Do I need an allocation to run small-scale startup jobs on Triton?
During the Early Adopter phase (prior to October 5, 2009), users can access Triton without an allocation. A UCSD Active Directory and a Triton account are required. After October 5, an allocation will be required for all users. To request an allocation, use the Triton Affiliates and Partners Program (TAPP).
To obtain a Triton account, you may join the Triton Discussion List and obtain your account by posting a request there.
How do I get an account on Triton?
All users should request access to Triton through TAPP, the Triton Affiliates and Partners Program. For UCSD faculty, staff, and SDSC staff, access is based on the user's UCSD Active Directory account. For users at other UC campuses and for those outside of the UC system who do not have AD accounts at UCSD, accounts will be setup for them after TAPP approval.
See the documentation on this at the Accessing the Triton Resource page.
What is the limit of a default account usage before I am required to obtain an allocation to use Triton?
During Early Adopter phase, the limit is 1000 SUs. This can be renewed on request to the Triton Discussion List. Once the formal production phase begins on October 5, 2009, users must have a TAPP allocation to run jobs on Triton.
How do I get a formal allocation to use Triton for my research project?
Make a request for a Triton allocation through TAPP, the Triton Affiliates and Partners Program. During Early Adopter phase, make a request to the Triton Discussion List.
What is a Service Unit (SU)?

A Service Unit is an accounting measure used to calculate the cost of running jobs on Triton. Users receive allocations of SUs, which they may use to purchase or exchange for time to run jobs on the various Triton components. Triton's accounting system automatically deducts SUs from the accounts of users with allocations, based on their login credentials.

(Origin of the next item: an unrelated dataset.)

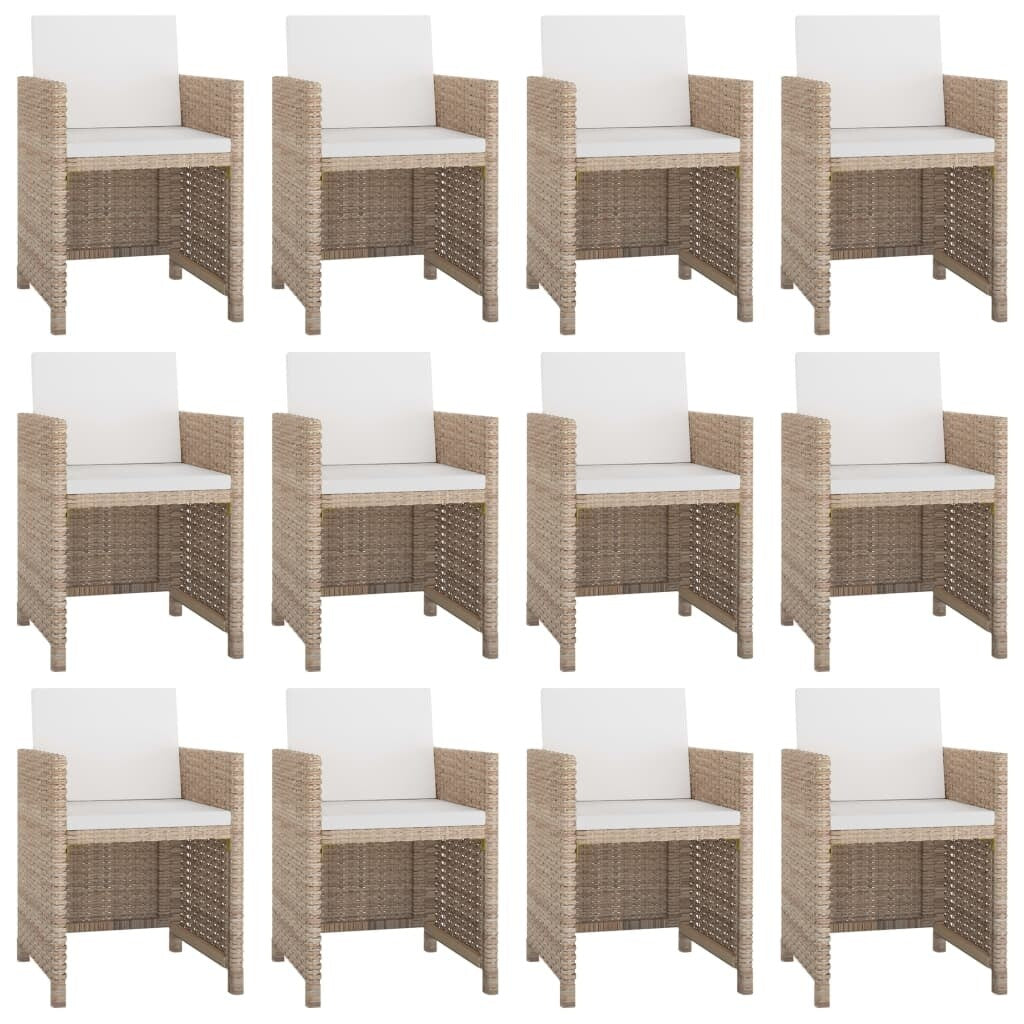 vidaXL Set di mobili da giardino con tavolo e sedie da esterno, set da pranzo in polyrattan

Some of Triton's resources are more expensive than others and users are charged a premium for running jobs that use those components.

What is a Base SU?
A Base Service Unit (BaseSU) is an accounting measure equal to one core-hour on Triton's main compute cluster. Jobs run on the PDAF, or large memory nodes, are charged a premium of SUs. One core-hour on a 256-GB node results in a charge of 2 SUs, while a core-hour on a 512-GB node incurs a charge of 4 SUs.
What Accounting and Charging Policies are in Use?
See also the Charge Policy page.
  1. The system uses Gold from Cluster Resources and PNL
  2. Configuration parameters of Gold are being fine-tuned at this time
  3. Charges are based on rounded CPU hours consumed, with premiums for PDAF (x2) and PDAFM (x4) nodes
  4. Rounding is to the nearest hour, and is applied after the number of CPUs is factored. For example, if you use 32 CPUs for two minutes, this is 64 CPU-minutes or one hour and four minutes, and is rounded to one hour. If 32 CPUs are used for three minutes, the 96 CPU-minutes are rounded to two CPU hours. It is assumed that rounding will balance out over time
  5. Single CPU and Small CPU-count jobs
    1. Single and small-count CPU jobs (less than eight processors) submitted to the batch queue will be allocated and charged for all eight processors on a TCC node
    2. A set of ten nodes has been designated as "shared" to accomodate these low CPU-count jobs. The queue, named small, consists of nodes tcc-2-0 through tcc-2-9. In this queue, users will only be charged for the CPUs they request, but the jobs may have to share the node and its memory with other jobs
    3. The goal is to balance single CPU usage with larger jobs to reduce blocking
  6. Charges for reserved resources
    1. Single CPU jobs submitted to the batch queue will be allocated and charged for all processors on the node. To be charged for fewer processors, a job must be submitted to the small queue.
    2. TCC nodes Jobs larger than eight CPUs will be charged for the number of nodes that are allocated for the job. These jobs get their nodes in an exclusive mode. For example, if a job asks for 60 CPUs, it will incur a charge of 64 (since it blocks 64 CPUs and was allocated eight nodes). Since TORQUE allows specification of fewer than eight CPUs per node via the ppn directive, users are charged for the number nodes their job is actually allocated, not the number of CPUs requested
    3. PDAF/M nodes Jobs are charged by the amount memory allocated, in multiples of 128GB rounded to the nearest CPU-hour for the number of processing cores allocated. If a job requests 200GB, it will be charged for 256GB, and will get a complete PDAF node and all 32 processing cores that belong to it. Users are urged to request full PDAF/M nodes, since memory is the key asset on these nodes
What happens when my Early Adopter allocation runs out?
The staff watches your balance and adds SUs to your account as needed. When the system is in full production (after October 5, 2009), you will need a TAPP allocation or a special project allocation in order to run jobs, but until then your account will be renewed for the asking.
Do running jobs get stopped if my allocation runs out?
Jobs will not start unless you have enough credit in your account to run the job to completion. You can check this by running mybalance. If you submit a job when your allocation does not have enough SUs to run it to completion, it will go into the Deferred state. If your job is Deferred, you can do a checkjob <jobid> to find out why.
Running jobs will be allowed to complete.
What are the charge calculation formulas?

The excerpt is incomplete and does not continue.